> **Exercise objective**:
Each line from the one holding "14K Yellow Gold" through the end of the records should be returned exactly, while pictures are skipped.

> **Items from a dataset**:
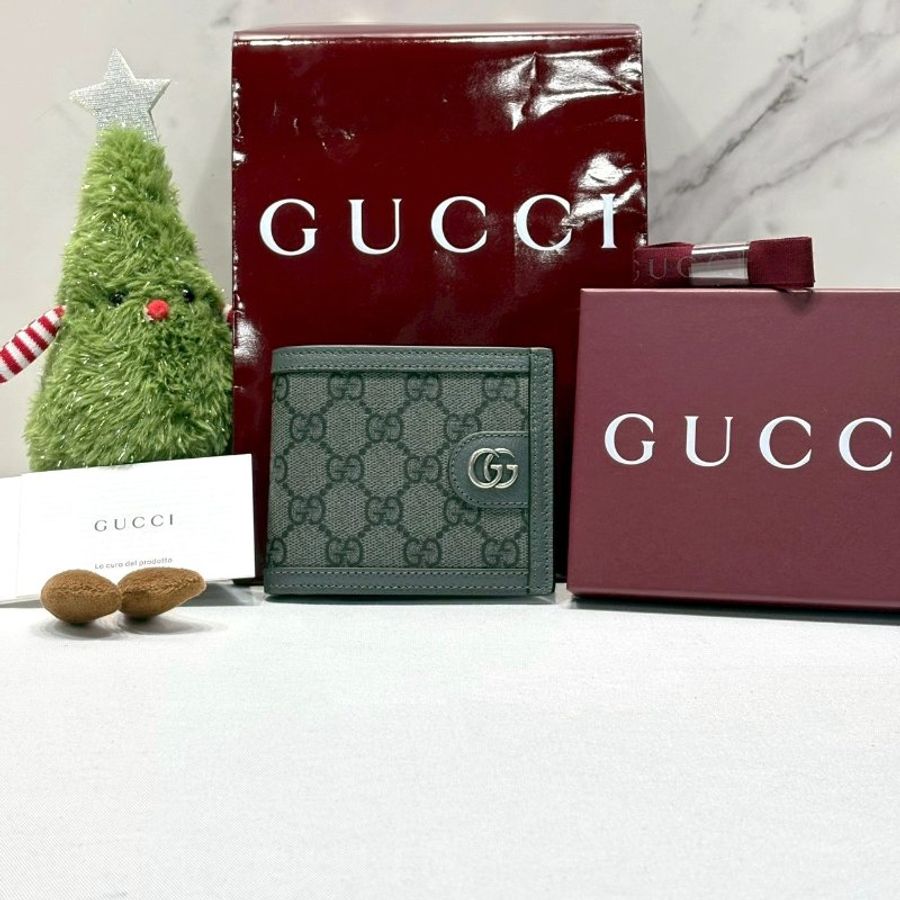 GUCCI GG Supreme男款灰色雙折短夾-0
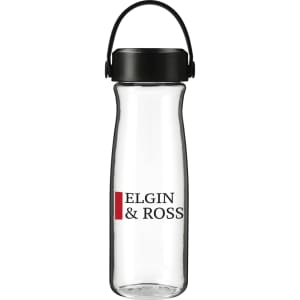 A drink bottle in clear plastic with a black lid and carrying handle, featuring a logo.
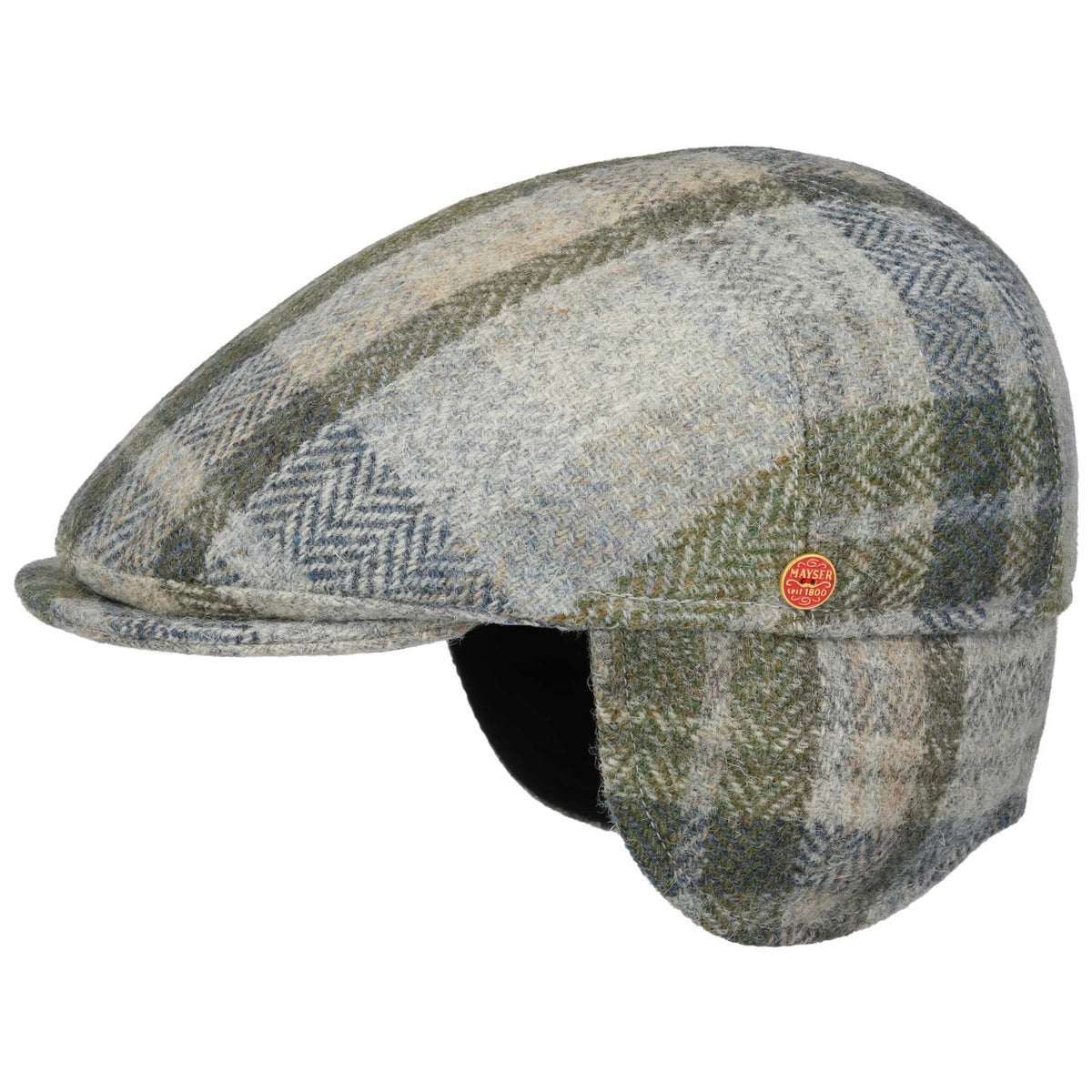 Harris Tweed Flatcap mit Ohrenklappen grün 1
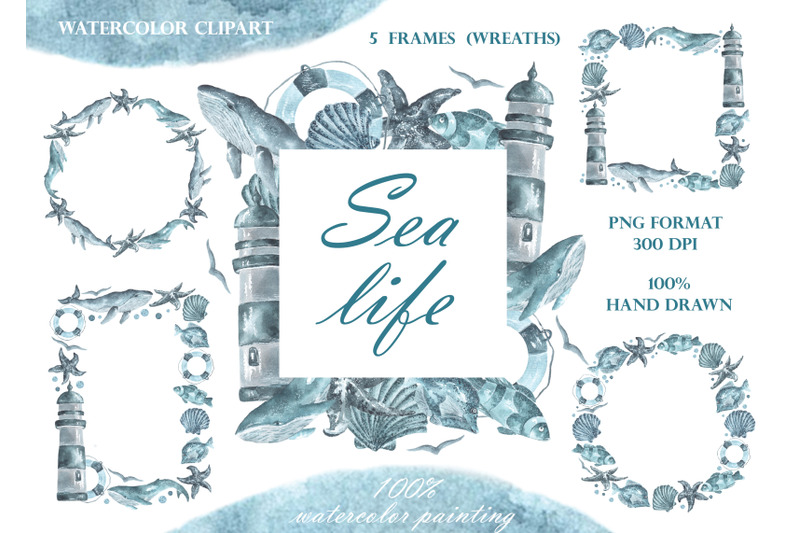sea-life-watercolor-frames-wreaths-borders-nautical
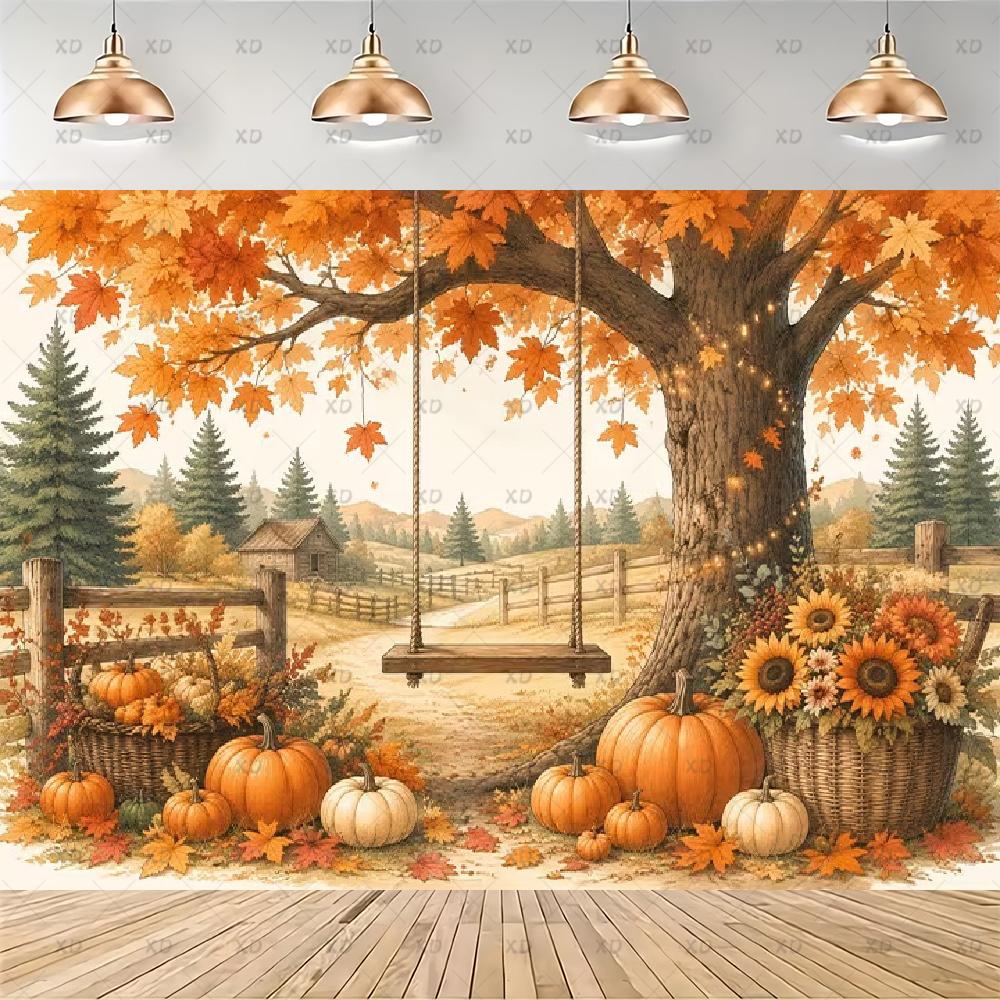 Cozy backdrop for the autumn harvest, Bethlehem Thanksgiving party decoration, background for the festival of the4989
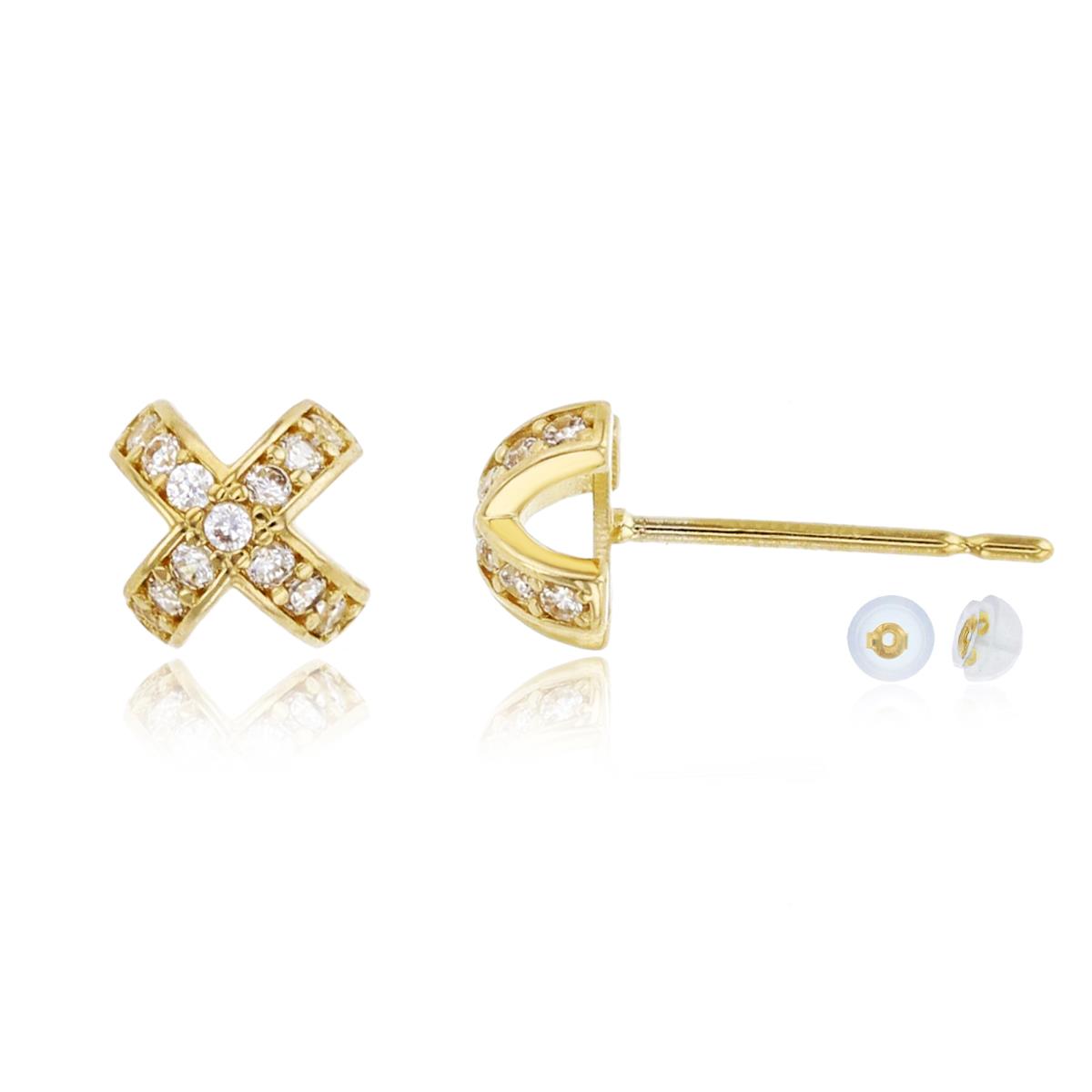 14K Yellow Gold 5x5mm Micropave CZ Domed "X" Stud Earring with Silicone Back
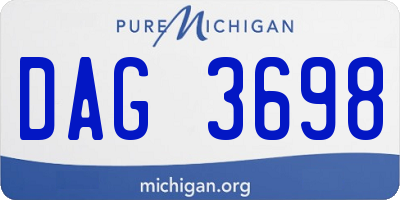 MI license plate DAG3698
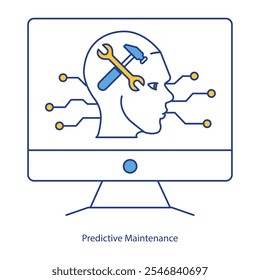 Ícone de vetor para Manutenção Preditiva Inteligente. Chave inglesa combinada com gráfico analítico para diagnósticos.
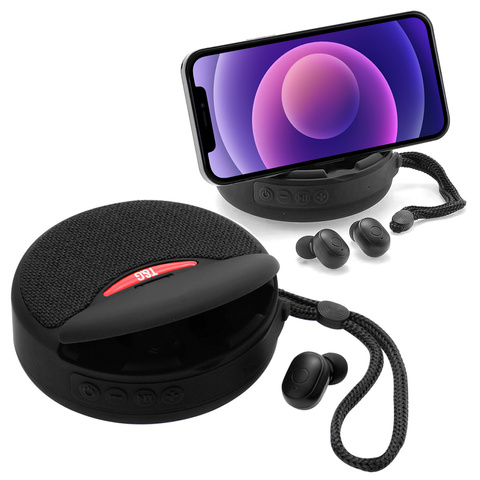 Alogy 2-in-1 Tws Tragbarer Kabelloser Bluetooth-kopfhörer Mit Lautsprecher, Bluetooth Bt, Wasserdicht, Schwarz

> **Solution for this task**:
 14K Yellow Gold 5x5mm Micropave CZ Domed "X" Stud Earring with Silicone Back
 MI license plate DAG3698
 Ícone de vetor para Manutenção Preditiva Inteligente. Chave inglesa combinada com gráfico analítico para diagnósticos.
 Alogy 2-in-1 Tws Tragbarer Kabelloser Bluetooth-kopfhörer Mit Lautsprecher, Bluetooth Bt, Wasserdicht, Schwarz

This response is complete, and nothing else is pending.